Ketidakjelasan Kepemilikan Barang Bukti
Advokat Anita Raj Punjabi juga menyoroti bahwa dalam surat dakwaan, Jaksa Penuntut Umum dinilai tidak dapat menguraikan secara jelas mengenai kepemilikan sepeda motor yang dijadikan barang bukti dalam perkara tersebut.
Menurutnya, ketidakjelasan ini semakin memperkuat bahwa dakwaan tidak disusun secara cermat dan berpotensi menimbulkan ketidakpastian hukum.
Harapan kepada Majelis Hakim
Tim penasihat hukum berharap agar Majelis Hakim dapat mempertimbangkan secara objektif seluruh keberatan yang telah diajukan, serta mengabulkan eksepsi tersebut.
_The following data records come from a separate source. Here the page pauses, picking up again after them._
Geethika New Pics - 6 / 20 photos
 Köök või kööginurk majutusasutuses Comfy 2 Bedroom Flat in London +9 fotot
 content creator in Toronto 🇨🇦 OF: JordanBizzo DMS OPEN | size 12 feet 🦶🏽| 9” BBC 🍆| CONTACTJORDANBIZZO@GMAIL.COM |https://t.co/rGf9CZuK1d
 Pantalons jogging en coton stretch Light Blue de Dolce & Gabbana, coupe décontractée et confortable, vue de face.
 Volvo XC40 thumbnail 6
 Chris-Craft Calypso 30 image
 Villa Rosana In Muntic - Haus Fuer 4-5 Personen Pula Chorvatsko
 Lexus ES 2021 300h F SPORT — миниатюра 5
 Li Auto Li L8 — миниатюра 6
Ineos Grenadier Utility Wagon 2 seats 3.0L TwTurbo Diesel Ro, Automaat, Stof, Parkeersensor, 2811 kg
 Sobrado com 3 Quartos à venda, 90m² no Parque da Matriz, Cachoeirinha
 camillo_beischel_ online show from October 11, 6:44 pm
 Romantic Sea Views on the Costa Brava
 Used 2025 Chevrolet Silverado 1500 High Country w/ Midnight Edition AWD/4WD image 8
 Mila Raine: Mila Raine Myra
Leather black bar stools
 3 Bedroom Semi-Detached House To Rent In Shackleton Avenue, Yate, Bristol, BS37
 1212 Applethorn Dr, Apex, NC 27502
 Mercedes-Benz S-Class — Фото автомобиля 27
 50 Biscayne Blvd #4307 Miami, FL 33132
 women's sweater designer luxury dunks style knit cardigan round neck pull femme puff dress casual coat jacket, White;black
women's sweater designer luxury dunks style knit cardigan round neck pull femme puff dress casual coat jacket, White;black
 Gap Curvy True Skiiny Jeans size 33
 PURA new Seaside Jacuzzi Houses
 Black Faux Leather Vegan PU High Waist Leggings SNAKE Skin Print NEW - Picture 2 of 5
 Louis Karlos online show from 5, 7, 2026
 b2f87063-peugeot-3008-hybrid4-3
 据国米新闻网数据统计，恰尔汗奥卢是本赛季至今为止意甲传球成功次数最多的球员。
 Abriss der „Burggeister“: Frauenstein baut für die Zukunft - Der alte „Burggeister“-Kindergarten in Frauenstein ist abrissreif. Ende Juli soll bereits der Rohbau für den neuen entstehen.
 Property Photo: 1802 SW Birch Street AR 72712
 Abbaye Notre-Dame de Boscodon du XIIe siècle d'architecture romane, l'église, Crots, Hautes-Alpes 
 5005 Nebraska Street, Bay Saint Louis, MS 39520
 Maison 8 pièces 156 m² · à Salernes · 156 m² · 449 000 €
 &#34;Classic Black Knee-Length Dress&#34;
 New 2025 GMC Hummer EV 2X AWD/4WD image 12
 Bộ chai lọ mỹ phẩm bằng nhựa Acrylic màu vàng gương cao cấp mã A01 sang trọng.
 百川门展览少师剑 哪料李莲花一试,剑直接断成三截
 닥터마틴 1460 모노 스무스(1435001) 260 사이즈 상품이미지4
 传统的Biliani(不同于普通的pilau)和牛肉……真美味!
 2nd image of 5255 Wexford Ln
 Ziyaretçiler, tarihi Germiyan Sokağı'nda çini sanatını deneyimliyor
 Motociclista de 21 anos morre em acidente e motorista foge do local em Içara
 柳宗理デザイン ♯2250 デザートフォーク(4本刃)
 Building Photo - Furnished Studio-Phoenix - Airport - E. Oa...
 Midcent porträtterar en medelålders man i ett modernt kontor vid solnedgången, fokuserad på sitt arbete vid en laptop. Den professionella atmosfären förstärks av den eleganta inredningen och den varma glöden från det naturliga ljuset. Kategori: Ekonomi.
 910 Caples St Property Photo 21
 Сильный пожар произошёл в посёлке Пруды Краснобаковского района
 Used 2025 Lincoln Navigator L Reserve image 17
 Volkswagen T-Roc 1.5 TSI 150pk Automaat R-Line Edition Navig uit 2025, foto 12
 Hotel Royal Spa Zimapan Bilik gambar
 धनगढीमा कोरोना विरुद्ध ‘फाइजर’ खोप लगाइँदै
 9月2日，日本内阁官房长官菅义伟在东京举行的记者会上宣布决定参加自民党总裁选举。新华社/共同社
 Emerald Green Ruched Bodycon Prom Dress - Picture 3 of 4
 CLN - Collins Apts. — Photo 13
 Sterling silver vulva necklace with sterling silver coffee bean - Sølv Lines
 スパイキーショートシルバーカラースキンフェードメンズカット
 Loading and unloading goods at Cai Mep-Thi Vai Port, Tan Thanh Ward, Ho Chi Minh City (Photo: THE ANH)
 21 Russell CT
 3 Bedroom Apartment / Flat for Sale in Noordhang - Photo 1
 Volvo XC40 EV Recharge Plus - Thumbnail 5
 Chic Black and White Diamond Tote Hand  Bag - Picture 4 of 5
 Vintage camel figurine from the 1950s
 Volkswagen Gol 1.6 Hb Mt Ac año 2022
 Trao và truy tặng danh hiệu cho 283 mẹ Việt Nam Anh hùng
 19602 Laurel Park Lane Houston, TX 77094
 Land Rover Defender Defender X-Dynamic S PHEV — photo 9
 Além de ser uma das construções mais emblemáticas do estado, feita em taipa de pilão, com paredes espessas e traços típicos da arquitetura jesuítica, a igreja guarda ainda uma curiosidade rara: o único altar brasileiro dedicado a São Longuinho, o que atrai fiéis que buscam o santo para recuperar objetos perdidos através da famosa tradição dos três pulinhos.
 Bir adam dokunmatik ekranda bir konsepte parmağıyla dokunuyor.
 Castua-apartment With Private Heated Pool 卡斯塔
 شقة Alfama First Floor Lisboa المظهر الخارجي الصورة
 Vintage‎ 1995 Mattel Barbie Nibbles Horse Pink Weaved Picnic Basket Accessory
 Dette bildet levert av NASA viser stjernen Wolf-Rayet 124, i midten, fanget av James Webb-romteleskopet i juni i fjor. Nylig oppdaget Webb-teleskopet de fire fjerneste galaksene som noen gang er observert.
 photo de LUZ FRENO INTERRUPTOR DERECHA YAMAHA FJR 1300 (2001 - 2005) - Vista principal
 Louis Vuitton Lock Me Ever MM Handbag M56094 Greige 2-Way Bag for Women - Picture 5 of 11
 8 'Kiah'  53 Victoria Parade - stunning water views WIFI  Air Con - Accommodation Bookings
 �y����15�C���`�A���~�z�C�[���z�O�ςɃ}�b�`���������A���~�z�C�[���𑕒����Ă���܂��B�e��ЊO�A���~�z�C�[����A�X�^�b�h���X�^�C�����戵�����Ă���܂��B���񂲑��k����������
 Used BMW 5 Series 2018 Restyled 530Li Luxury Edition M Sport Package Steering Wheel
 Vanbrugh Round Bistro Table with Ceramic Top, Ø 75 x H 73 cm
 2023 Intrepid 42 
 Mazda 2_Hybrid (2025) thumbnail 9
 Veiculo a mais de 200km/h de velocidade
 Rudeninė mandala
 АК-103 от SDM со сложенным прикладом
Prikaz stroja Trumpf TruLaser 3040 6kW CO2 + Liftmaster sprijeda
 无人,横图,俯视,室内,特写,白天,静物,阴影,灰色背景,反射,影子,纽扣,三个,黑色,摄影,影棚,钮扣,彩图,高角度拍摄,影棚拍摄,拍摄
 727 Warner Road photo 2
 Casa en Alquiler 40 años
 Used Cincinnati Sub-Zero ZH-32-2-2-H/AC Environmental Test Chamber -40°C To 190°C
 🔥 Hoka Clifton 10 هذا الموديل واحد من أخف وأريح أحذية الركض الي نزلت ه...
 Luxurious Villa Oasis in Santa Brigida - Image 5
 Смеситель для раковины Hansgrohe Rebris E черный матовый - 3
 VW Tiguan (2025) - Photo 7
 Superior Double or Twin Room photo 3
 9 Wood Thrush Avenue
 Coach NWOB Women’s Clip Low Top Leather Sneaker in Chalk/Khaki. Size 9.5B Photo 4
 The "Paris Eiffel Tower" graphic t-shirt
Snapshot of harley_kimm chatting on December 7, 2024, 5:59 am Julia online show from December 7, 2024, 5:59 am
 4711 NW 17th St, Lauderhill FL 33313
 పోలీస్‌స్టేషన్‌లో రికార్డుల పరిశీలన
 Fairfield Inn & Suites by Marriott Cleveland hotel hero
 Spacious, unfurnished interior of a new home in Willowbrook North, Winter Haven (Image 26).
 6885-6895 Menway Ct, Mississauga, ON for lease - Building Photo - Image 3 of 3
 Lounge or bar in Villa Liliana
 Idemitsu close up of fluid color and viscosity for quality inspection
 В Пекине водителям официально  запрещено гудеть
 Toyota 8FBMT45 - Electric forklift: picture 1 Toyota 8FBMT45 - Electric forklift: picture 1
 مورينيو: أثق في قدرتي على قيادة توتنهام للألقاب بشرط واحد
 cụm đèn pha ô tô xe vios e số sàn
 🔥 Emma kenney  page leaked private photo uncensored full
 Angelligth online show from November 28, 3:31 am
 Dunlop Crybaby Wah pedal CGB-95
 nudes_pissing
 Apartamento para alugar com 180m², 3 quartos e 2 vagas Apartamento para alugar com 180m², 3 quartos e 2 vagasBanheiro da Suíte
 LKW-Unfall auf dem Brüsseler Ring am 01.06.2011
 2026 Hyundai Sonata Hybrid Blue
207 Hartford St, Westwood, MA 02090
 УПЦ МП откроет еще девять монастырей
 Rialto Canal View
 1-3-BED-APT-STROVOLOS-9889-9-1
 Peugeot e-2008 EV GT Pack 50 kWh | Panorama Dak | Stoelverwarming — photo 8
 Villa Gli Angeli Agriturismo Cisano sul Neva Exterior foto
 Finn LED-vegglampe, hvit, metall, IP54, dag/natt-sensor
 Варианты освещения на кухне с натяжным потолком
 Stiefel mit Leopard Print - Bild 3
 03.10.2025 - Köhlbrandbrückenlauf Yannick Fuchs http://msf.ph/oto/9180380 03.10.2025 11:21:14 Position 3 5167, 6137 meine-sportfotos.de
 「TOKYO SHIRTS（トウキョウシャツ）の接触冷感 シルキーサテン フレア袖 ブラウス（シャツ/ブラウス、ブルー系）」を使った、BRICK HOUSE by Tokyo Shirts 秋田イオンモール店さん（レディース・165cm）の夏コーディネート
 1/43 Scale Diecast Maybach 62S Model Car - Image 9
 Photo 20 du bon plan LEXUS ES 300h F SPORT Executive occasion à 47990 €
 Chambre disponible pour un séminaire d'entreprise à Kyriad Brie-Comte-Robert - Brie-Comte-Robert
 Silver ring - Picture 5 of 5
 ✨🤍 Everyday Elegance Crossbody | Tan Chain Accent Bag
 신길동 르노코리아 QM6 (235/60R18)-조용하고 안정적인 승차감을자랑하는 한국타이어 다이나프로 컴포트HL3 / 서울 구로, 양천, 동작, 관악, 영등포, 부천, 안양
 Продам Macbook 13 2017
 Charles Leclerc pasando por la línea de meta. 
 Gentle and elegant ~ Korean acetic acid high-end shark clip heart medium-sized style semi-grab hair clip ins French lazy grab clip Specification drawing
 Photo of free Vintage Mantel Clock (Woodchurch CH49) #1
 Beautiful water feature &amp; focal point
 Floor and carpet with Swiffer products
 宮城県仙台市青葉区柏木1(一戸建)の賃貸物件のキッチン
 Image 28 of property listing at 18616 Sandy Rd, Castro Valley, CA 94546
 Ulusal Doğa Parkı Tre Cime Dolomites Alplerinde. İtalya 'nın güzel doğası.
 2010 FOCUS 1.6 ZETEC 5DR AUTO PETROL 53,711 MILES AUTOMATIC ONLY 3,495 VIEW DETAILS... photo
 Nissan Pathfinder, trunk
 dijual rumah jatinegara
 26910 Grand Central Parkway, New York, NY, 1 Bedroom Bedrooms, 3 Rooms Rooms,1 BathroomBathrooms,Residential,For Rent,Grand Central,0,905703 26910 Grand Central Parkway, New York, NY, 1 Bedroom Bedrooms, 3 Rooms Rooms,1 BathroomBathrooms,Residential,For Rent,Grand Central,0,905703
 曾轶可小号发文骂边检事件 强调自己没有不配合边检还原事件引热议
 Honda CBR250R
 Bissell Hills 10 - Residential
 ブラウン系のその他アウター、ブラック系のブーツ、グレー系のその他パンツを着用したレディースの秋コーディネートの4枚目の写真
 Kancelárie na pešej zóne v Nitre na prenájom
“Kami berharap Majelis Hakim dapat menyatakan dakwaan batal demi hukum dan membebaskan terdakwa dari segala tuntutan,” tutup kuasa hukum
Kasus ini memantik perhatian publik dan menimbulkan pertanyaan besar:
Apakah persoalan rumah tangga bisa berujung pada kriminalisasi seperti ini?
Masyarakat kini menunggu putusan hakim, yang diharapkan mampu memberikan keadilan serta kepastian hukum bagi semua pihak.